As someone who has spent an embarrassing amount of time on various independent education, one of the key things I've taken from it is just how efficient text books are. Not only can you read more quickly than people can speak, but it's also active by nature. I've often found my attention wandering during videos, but it's just not possible to read without putting in a minimum amount of focus. It's also a lot easier to modulate your reading speed based on how easy material is for you than it is to do the same during a lecture video.
Some general thoughts on MOOCs:
Coursera and edX tend to be great for small, self-contained topics and the automated graders for programming assignments is great as well. The forums are also useful, though not ideal (since there are no practice questions students can get help with that don't fall under the honor code).
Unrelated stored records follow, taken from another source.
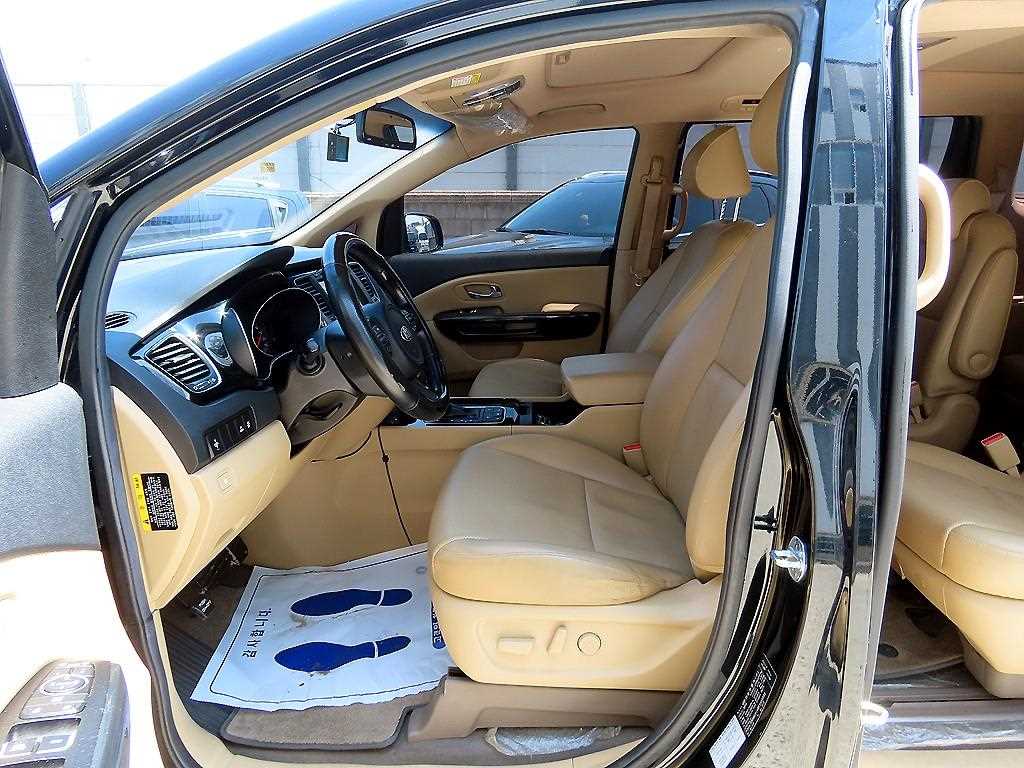 KIA Carnival - Vista 5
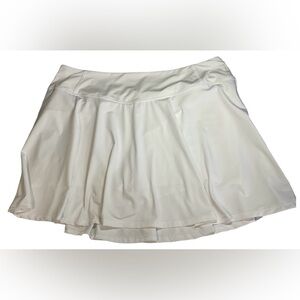 NWOT DSG white skort. SZ XL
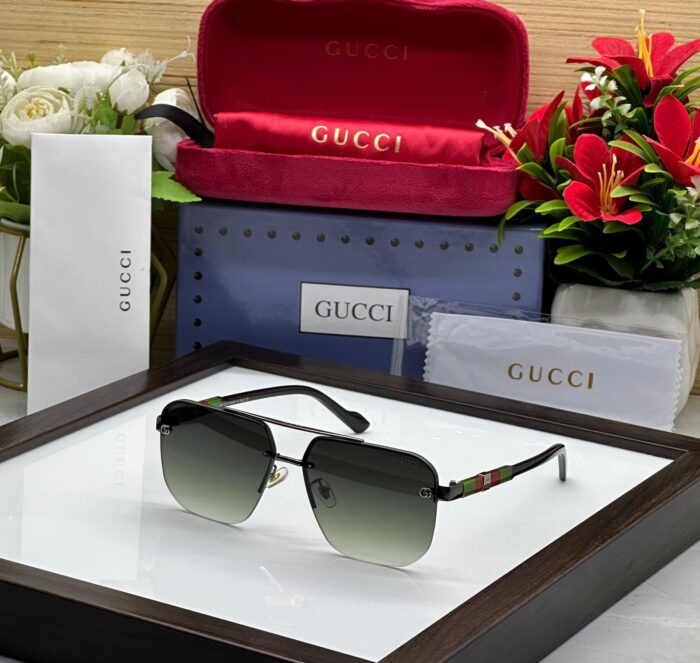 ec073909 8295 46c5 8dfc 8b7325657166 https://sunglasses-store.in/product/gucci-sunglasses-3988/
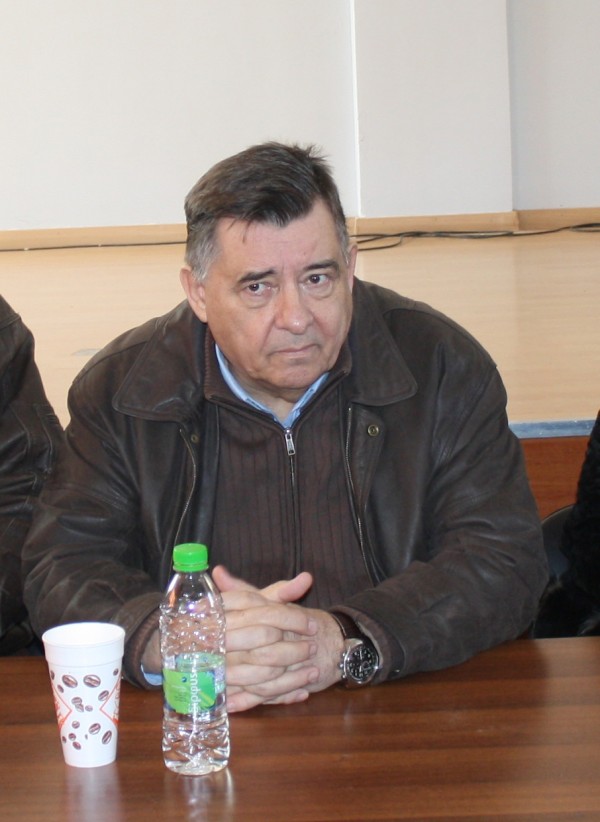 Ο Άδωνις είναι Φιλιππινέζα της Τρόικας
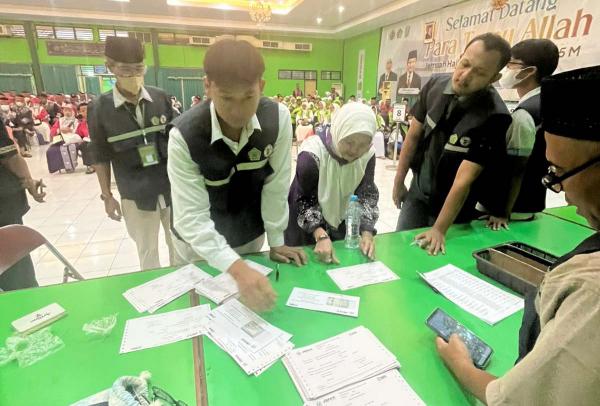 BRI Rajawali Surabaya Salurkan Rp462 Miliar untuk Living Cost Jemaah Haji 2025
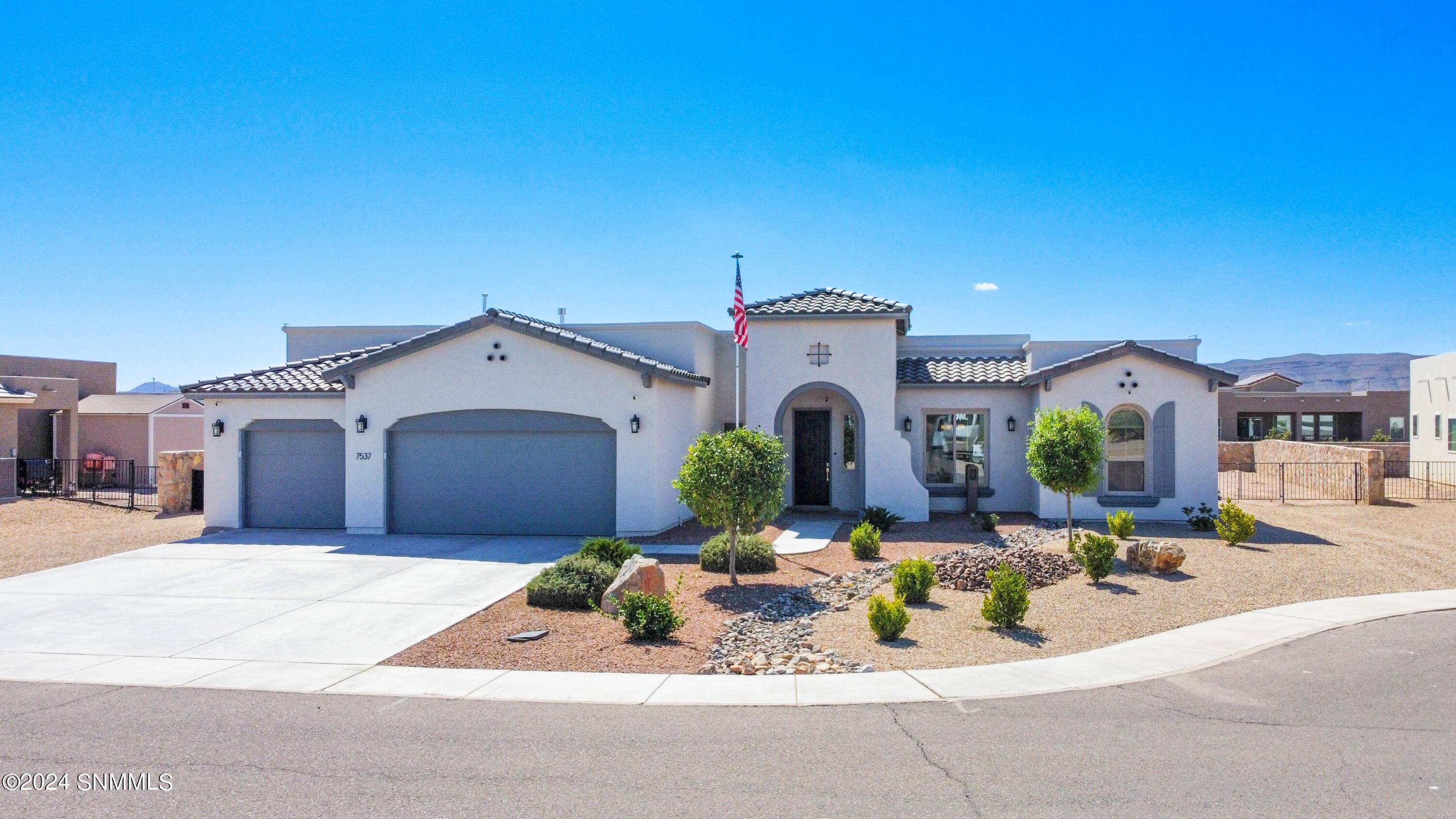 Las Cruces, NM 88007,7537 Sussex CT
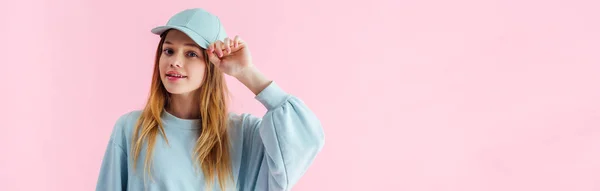 Plano Panorámico Chica Adolescente Bastante Sonriente Gorra Aislada Rosa — Foto de Stock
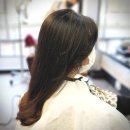 아엠뷰티 | [길음동 미용실 추천] 휑한 가르마가 고민인 30대 긴머리? 모류교정 링거펌으로 정수리 꽉 채우기!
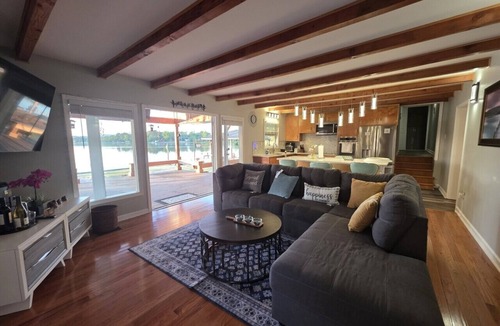 Ashville Cabin | Happy Dock Hideaway Waterfront Vibes Sunset Views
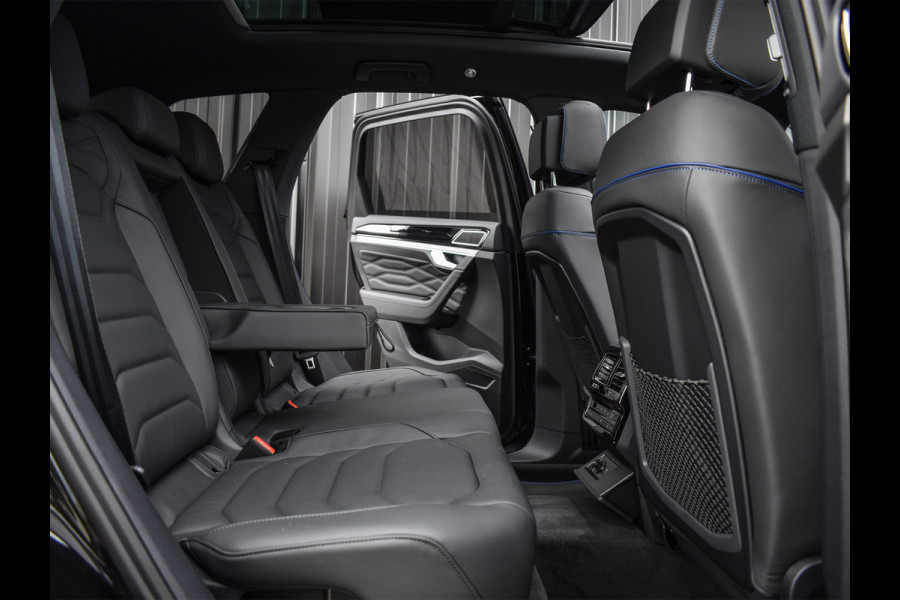 Volkswagen Touareg 3.0 TSi eHybrid 4MOTION R | HEAD-UP | DYNAUDIO | 360 CAMERA | SOFT-CLOSE | PANORAMADAK | KEYLESS ACCESS | STOELMASSAGE | TREKHAA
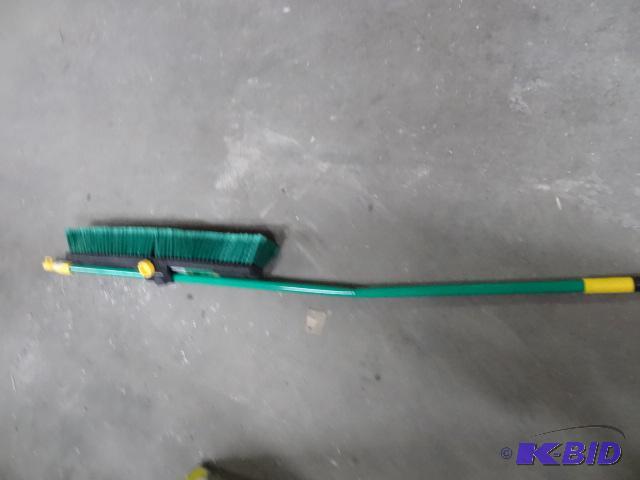 lot 31 image: NEW 24in Quickie Multi Surface Push Broom Alu...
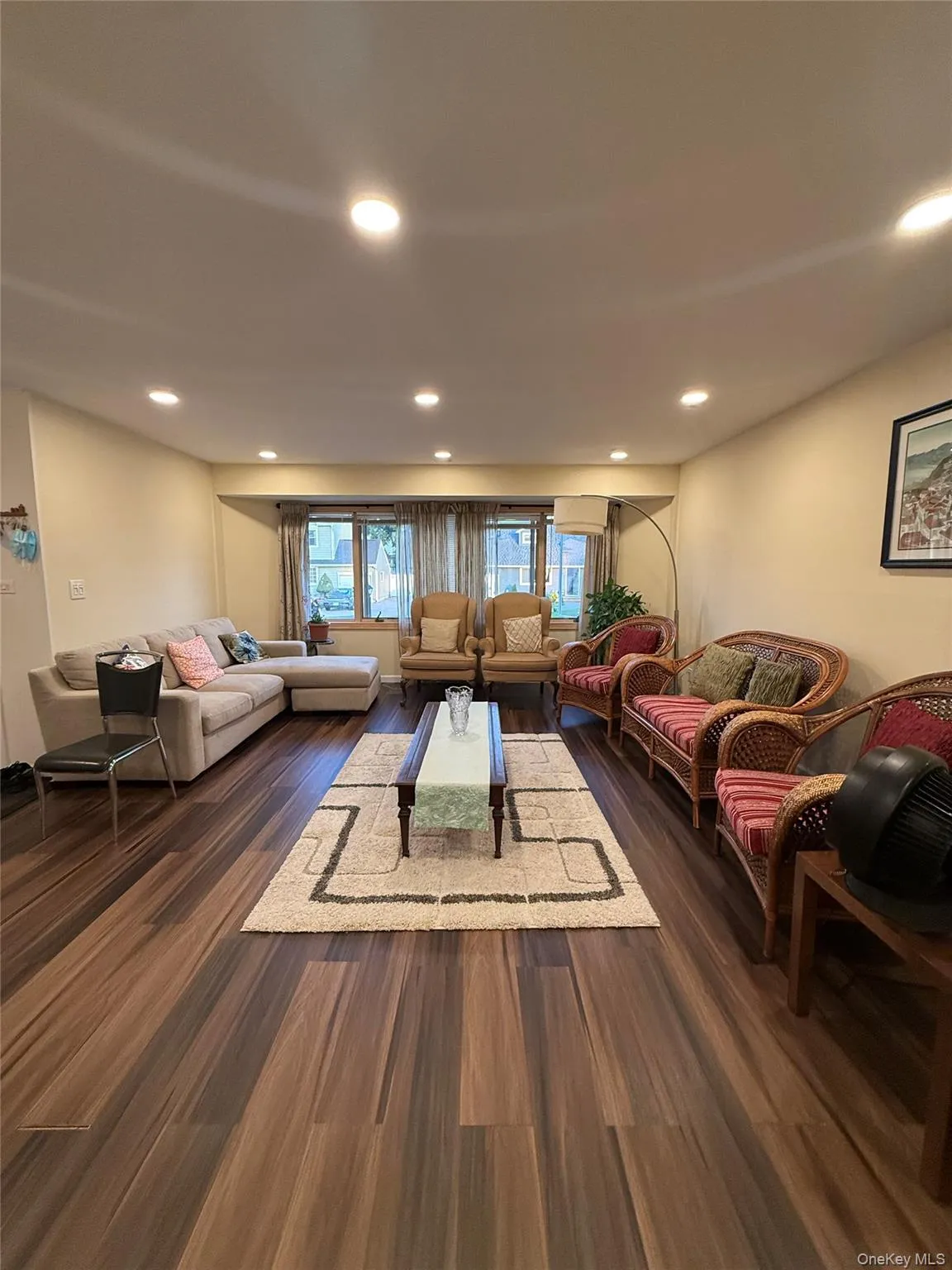 28 Peachtree Lane, Oyster Bay, NY, 3 Bedrooms Bedrooms, 9 Rooms Rooms,2 BathroomsBathrooms,Residential Lease,For Rent,Peachtree,0,1021083 28 Peachtree Lane, Oyster Bay, NY, 3 Bedrooms Bedrooms, 9 Rooms Rooms,2 BathroomsBathrooms,Residential Lease,For Rent,Peachtree,0,1021083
Where modern MOOCs really fall down is prerequisites. It's surprisingly difficult to do something like structure an entire CS degree from Coursera classes. Though many classes are taught by famous CS professors, they are from different institutions that break material into courses in different ways. Worse still a lot of the classes are either watered-down or shortened or both.
MIT's Open Courseware archives are actually a lot better for this. There are no certificates, and no credentials, but nearly all the material is freely available. The one biggest inefficiency though, is all the time spent in the lectures. At least they can be played back at a higher speed, but the lectures really do take a lot more time and cover less than the textbooks. For courses that have good textbooks, I think the best approach is to skip the lectures except in portions where you feel like you need more review.
Finally Khan Academy is fantastic for answering specific, mechanical questions (e.g. how to calculate eigen values), but a bit light on material. I'd use it as a supplement for the other resources.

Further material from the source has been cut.